I’ve found the house I want, but it needs a lot of repair. Can I borrow money for both the mortgage and the repair?

 You love the house, but it needs work, and all your cash is going toward the down payment. Now, with a special government program, you can apply for a buy-and-repair loan to borrow enough to fix up the house as well as buy it. The program, which is the Federal Housing Administration’s 203(k) loan, rolls the cost of repairs into the mortgage.

  • Under this program, buyers may be able to purchase a fixer-upper with as little as 3.5% in down payment. And recent changes in the program make it more user-friendly including a reduction in mortgage insurance costs and streamlining the approval requirements.Qualified repairs, which must total at least $5,000, can include re-roofing, replacing windows, replacing a water heater or furnace, energy improvements, landscaping and providing handicapped access. Be sure to ask about local loan limits for this program, the same as for other FHA loans.When we work with you, your concerns are our concerns. If we don’t have the answers you need, we’ll find them. Call or e-mail us, then get ready for a productive partnership.

What are some other creative loan options I might want to consider?

 AIM Mortgage Doubles Value Of Down Payment

  • How would you like to spend your money and save it, too? The Asset Integrated Mortgage, or AIM, lets you do just that.
  • A home buyer with an AIM loan invests part of the down payment in a life insurance annuity set up by the lender, and draws tax-deferred interest. The minimum is 10% down with 5% of it for the annuity; but if the down payment is 20%, up to 15% can be invested in the annuity, yet counted as collateral, so private mortgage insurance is unnecessary.
  • Currently, lenders in at least 50 cities offer AIM loans. For more information, contact Fannie Mae at (800) 732-6643.

A GEM Of A Mortgage Loan

  • GEMs (growing equity mortgages) are making a comeback in the world of creative financing. Their early-1980s popularity gave way to ARMs (adjustable-rate mortgages). Their return to the scene was prompted by declining interest rates.
  • GEMs have the advantage of being fixed-rate loans with interest rates as low as (or lower than) the lowest ARM rates. Typically, a GEM has a fixed, 30-year rate that approximates the market rate at the time the loan is taken out. The payment for the first year of the loan, however, may be set at a much lower rate – interest only. The payment for the succeeding 2-8 years increases at an agreed-upon rate, typically 3%-7.5% per year, until your monthly payment reaches a specific level for the remainder of the loan.
  • As your payments increase on schedule, they will become more than the regular note rate. Then your “overpayments” go toward reducing the principal on the loan. You thereby shorten the life of the mortgage. That’s why, although figured on a 30-year basis, most GEMs are paid off in 15 to 20 years. That’s a way of building equity fast, once you get past the period paying only interest.
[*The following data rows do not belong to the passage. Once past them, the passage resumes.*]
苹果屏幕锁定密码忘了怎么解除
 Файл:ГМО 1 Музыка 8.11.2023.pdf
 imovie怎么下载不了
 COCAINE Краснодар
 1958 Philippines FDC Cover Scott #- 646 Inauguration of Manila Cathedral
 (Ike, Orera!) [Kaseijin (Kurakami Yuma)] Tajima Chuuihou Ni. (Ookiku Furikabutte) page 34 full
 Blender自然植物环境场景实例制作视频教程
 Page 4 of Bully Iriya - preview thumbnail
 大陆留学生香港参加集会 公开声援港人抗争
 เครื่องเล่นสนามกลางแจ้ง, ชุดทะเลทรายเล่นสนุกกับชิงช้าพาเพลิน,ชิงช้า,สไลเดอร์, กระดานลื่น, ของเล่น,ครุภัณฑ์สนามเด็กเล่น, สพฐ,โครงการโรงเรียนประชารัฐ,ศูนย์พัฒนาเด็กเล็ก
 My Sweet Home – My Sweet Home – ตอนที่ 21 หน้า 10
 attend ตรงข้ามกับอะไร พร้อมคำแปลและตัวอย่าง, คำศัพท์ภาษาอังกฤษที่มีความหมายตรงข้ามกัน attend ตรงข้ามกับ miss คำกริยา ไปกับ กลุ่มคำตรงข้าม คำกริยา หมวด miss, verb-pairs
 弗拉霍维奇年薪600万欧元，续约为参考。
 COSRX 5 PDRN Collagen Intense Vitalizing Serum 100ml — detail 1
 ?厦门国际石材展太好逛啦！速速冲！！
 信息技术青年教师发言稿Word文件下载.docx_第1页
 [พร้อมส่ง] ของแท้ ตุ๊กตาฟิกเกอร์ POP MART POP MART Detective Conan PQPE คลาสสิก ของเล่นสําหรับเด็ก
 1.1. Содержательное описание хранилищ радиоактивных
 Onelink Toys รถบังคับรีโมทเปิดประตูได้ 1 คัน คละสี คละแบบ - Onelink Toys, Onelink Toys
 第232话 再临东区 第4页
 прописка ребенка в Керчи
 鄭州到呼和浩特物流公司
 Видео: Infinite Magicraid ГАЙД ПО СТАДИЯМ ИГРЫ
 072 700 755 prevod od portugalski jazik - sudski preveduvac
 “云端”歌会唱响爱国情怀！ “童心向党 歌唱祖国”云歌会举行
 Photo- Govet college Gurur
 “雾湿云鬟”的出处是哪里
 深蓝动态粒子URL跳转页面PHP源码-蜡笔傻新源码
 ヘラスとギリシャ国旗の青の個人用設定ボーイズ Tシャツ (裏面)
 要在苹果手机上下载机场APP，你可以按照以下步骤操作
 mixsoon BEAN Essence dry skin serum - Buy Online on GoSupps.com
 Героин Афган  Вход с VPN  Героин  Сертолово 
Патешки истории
Biweekly Mortgages: A Good Value?

  • One of the newer twists in the mortgage industry is biweekly mortgages. Here’s a quick look at how they work.
  • For an up-front, non-refundable fee – typically several hundred dollars – the mortgage servicer will debit the homeowner’s bank account every two weeks – 26 times a year. This amounts to making an extra month’s payment each year.
  • The benefit for the mortgage servicer is they have the use of your funds without paying interest until they apply your payment to the mortgage at the end of the month. The benefit to the consumer is paying off principal debt and increasing home equity faster.

A word of caution, though. Before you jump on the biweekly bandwagon, remember to:

  • Comparison shop for the lowest start-up fee; they vary widely.
  • Figure out how long you’ll have this mortgage. If you’re planning a move or refinance soon, you will have to pay a new start-up fee for a biweekly payment schedule unless your program is transferable.
  • Shop for a program that pays you market interest rates on your money while it is in the mortgage servicer’s hands, prior to being credited to your mortgage balance. Beware of biweekly mortgage scams from non-reputable firms.
  • Deal only with experienced, reputable companies. Ask your lender for full details.